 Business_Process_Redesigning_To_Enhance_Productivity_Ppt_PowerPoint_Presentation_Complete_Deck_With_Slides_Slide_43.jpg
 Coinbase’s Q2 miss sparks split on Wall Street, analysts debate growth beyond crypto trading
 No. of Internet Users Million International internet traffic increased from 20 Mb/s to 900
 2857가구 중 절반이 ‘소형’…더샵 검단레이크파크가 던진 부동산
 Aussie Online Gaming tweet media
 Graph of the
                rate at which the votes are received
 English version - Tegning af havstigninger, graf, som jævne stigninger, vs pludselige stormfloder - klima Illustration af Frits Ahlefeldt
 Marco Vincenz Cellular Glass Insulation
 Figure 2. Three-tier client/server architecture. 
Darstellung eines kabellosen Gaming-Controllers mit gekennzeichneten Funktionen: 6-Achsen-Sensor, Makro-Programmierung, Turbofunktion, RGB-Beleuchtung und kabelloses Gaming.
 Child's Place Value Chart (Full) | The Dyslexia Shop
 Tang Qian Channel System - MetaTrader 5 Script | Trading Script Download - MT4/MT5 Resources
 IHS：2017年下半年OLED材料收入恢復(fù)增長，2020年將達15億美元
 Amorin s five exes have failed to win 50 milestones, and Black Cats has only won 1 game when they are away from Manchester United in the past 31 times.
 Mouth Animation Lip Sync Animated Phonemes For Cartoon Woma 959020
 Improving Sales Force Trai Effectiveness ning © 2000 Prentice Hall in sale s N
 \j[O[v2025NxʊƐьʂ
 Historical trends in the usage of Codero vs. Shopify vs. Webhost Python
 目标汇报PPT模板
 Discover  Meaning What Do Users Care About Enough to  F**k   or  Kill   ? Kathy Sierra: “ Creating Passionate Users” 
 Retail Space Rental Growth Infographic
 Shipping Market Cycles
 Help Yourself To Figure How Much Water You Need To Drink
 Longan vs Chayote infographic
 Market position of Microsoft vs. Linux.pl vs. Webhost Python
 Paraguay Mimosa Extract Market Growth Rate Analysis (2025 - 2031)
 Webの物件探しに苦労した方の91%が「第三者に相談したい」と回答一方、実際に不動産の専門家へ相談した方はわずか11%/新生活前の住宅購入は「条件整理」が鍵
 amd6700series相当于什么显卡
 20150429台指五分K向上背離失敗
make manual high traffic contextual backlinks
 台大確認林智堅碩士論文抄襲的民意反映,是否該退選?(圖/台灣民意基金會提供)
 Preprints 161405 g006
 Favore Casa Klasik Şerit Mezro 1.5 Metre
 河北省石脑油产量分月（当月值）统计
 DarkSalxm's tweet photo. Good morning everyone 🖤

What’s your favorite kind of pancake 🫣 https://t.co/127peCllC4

Instructions to follow>
Please list every line of the records that contains "tweet".

Solution to the exercise>
 Aussie Online Gaming tweet media
 DarkSalxm's tweet photo. Good morning everyone 🖤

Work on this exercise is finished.